“Ha acquistato il libro? Se lo acquista, può farne ciò che vuole”, altrimenti
A chi appartiene in toto un romanzo? A chi lo scrive, alla casa editrice che lo pubblica, a chi lo legge o a chi lo recensisce?
Qualcuno sostiene che nel momento stesso in cui diventa pubblico, un libro taglia per sempre il cordone ombelicale che lo lega al o alla partoriente e diventa proprietà di chi ne usufruisce, in qualsivoglia modo.

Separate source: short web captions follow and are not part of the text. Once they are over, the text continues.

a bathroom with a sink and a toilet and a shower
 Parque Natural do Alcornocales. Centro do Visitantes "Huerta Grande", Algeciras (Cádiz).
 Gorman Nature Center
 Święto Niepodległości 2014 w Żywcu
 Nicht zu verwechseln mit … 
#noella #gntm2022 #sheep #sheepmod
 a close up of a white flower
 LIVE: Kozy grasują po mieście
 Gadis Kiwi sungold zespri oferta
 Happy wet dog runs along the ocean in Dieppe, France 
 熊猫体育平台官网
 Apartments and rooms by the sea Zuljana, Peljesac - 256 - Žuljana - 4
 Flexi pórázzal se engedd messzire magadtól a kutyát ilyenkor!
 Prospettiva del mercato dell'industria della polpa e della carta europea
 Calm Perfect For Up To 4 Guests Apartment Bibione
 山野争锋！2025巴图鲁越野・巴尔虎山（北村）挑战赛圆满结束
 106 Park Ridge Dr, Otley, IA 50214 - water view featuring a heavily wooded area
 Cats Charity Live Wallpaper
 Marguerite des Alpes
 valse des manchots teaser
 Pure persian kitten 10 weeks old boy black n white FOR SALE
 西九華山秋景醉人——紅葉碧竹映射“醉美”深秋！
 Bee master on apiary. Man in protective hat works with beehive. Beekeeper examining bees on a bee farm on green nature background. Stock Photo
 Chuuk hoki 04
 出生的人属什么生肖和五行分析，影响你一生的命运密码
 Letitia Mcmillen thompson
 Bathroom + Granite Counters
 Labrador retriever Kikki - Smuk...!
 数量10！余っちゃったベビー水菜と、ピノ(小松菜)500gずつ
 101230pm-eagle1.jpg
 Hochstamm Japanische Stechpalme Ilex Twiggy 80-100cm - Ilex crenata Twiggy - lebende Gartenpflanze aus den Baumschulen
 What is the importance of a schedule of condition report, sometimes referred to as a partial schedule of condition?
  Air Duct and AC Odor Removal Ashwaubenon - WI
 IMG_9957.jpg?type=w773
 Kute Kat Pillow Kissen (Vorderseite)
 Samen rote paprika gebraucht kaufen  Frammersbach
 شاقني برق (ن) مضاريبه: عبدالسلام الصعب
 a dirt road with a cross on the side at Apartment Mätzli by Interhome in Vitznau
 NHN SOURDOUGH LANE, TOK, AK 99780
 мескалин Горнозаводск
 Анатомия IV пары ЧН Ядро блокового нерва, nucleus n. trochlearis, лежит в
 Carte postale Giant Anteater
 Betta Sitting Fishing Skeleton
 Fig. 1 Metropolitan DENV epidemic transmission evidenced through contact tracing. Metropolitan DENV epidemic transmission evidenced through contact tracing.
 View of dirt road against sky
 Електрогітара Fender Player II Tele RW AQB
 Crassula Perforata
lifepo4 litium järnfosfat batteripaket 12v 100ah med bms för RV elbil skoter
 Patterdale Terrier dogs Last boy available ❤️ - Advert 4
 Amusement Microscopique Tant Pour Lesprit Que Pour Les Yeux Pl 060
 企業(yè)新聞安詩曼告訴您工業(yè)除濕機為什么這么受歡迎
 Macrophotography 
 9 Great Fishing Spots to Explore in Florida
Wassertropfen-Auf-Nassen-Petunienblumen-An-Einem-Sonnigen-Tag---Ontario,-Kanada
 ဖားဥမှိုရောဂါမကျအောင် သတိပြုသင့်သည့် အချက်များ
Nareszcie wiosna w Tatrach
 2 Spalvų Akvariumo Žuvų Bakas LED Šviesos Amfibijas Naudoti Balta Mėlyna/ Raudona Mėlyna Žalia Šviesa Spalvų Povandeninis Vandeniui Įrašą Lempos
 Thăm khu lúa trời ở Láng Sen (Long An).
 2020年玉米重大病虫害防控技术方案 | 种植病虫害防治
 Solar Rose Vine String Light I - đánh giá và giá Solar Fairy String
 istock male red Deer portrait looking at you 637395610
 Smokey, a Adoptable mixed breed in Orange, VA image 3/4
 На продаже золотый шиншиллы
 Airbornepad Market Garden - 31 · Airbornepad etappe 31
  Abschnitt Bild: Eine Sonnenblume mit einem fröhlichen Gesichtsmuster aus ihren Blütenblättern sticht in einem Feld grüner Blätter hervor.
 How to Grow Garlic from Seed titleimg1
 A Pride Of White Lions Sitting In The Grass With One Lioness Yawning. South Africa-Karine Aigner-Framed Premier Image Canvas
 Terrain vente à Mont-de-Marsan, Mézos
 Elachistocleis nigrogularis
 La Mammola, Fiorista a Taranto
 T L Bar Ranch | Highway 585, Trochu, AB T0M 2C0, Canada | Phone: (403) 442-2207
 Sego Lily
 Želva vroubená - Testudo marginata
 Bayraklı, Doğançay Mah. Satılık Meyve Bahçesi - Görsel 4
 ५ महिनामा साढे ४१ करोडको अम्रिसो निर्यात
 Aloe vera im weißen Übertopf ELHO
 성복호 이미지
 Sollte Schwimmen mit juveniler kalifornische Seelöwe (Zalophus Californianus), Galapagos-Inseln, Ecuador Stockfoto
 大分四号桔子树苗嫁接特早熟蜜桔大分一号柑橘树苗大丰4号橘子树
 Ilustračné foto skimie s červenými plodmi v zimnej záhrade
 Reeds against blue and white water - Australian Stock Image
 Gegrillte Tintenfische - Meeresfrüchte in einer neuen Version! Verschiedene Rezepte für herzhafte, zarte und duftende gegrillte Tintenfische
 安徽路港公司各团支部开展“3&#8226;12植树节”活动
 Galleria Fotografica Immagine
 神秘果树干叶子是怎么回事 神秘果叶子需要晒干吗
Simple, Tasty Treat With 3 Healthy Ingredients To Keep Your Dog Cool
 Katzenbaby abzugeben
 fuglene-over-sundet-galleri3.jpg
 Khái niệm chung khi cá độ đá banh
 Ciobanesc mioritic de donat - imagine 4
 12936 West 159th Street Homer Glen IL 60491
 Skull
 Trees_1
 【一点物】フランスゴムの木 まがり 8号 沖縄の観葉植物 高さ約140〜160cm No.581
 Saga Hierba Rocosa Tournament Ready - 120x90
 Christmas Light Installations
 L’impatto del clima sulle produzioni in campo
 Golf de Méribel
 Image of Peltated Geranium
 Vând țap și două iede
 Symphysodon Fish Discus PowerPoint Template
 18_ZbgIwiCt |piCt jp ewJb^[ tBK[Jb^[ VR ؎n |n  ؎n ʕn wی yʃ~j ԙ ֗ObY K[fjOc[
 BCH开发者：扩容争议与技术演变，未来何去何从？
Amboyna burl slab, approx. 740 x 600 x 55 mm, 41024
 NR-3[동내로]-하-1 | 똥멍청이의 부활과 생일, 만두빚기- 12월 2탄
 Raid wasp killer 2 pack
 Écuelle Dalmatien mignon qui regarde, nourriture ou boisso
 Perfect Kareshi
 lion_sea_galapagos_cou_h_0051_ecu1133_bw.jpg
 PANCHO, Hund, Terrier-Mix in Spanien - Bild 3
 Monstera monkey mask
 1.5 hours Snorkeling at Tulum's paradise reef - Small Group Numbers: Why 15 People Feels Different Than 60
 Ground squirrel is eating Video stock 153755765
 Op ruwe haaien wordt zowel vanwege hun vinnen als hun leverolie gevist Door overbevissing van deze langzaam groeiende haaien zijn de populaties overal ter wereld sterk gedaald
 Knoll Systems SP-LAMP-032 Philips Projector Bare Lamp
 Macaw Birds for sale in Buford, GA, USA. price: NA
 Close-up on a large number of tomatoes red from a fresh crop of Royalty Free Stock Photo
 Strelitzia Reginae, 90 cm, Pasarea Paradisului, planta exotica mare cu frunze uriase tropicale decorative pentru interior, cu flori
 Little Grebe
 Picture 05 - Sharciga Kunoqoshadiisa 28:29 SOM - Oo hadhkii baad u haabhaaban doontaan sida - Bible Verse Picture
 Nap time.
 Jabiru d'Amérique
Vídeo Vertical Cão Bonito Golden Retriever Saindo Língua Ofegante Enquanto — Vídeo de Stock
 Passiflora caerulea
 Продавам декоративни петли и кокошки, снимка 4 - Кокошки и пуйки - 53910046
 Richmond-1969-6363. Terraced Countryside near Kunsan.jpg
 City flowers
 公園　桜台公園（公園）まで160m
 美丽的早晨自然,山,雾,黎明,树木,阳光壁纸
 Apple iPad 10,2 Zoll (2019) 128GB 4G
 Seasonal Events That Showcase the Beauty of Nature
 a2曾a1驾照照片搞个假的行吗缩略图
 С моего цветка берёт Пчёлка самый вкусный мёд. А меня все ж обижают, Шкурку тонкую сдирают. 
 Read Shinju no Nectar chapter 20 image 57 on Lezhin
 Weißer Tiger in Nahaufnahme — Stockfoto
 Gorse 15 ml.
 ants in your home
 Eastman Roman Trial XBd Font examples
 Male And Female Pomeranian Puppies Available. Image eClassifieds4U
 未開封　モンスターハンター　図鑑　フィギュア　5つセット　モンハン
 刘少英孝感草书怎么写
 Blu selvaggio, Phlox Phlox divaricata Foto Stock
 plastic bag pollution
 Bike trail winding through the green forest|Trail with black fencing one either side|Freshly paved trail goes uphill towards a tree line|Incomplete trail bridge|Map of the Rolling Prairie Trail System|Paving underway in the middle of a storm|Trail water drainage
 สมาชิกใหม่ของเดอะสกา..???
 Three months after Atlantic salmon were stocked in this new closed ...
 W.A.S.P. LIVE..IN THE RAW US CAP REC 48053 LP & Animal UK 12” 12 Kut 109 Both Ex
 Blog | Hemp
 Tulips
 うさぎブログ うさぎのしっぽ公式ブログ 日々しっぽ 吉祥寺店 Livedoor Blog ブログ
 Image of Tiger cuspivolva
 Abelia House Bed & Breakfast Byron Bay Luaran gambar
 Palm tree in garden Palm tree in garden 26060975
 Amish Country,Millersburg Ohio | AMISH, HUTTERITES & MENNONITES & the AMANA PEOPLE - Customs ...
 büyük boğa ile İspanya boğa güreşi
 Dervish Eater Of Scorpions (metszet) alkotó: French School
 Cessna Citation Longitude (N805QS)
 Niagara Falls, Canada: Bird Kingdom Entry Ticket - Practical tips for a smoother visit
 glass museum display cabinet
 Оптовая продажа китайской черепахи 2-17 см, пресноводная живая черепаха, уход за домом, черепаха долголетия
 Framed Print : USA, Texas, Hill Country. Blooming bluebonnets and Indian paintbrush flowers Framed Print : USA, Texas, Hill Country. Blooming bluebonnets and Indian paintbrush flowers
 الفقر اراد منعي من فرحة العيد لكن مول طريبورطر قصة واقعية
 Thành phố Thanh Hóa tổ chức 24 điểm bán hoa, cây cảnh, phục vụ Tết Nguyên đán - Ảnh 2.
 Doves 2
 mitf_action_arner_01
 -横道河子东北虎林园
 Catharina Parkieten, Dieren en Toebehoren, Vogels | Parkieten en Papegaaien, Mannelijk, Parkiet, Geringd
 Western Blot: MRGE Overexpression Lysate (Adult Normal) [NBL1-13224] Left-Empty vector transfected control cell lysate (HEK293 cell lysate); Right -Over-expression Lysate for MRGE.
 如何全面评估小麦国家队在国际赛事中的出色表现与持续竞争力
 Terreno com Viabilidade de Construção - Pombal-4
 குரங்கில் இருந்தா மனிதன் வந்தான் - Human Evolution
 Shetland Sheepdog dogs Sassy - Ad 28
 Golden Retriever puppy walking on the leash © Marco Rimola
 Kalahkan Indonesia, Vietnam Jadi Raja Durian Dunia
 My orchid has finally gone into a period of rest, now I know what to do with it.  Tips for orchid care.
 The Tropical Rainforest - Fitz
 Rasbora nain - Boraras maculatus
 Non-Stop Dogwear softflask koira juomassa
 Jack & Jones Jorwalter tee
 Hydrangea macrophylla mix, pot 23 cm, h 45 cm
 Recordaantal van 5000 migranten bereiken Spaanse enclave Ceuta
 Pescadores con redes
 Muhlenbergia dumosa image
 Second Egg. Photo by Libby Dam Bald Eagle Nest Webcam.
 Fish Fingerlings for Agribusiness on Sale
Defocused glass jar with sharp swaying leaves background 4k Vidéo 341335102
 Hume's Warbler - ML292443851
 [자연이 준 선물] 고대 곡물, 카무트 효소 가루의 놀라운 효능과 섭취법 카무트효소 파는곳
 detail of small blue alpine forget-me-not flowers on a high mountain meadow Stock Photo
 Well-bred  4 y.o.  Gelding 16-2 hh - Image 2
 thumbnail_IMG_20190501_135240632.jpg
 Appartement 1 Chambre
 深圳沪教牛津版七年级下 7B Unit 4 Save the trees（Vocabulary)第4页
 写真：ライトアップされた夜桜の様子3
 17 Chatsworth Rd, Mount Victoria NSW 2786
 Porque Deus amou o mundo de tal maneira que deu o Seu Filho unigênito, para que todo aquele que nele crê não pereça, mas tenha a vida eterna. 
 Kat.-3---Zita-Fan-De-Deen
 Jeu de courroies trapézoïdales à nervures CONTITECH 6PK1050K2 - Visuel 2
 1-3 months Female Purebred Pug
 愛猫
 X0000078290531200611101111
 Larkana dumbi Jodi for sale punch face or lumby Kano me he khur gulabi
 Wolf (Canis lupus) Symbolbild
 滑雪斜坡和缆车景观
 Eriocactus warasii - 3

Sono ormai cinque anni che mi occupo della pagina de IL FONT dedicata ai libri, ho espresso, motivandoli sempre, giudizi sia positivi che negativi, ho avuto il piacere di essere contattata da autori che avevano letto nelle mie parole il senso del loro scrivere, ho tenuto numerose presentazioni pubbliche mai pilotate da autori o editori e poi ho letto, letto, letto, per aggiornamento professionale o per puro diletto.
La protesta di una casa editrice
A fronte di questa premessa, mi trovo a dover affrontare, per la prima volta, un’esperienza di tentata censura da parte di una casa editrice, piccata per aver letto una recensione non positiva relativa ad un suo autore.
La responsabile della piccola casa editrice si rivolge al giornale, che ha ruolo di interposta persona, una serie di critiche, legate tra loro da un termine comune: scorrettezza.
Sinceramente, non mi riconosco in questo giudizio, dal momento che quanto scritto nella recensione è dimostrabile, non determinato da una vaga percezione soggettiva.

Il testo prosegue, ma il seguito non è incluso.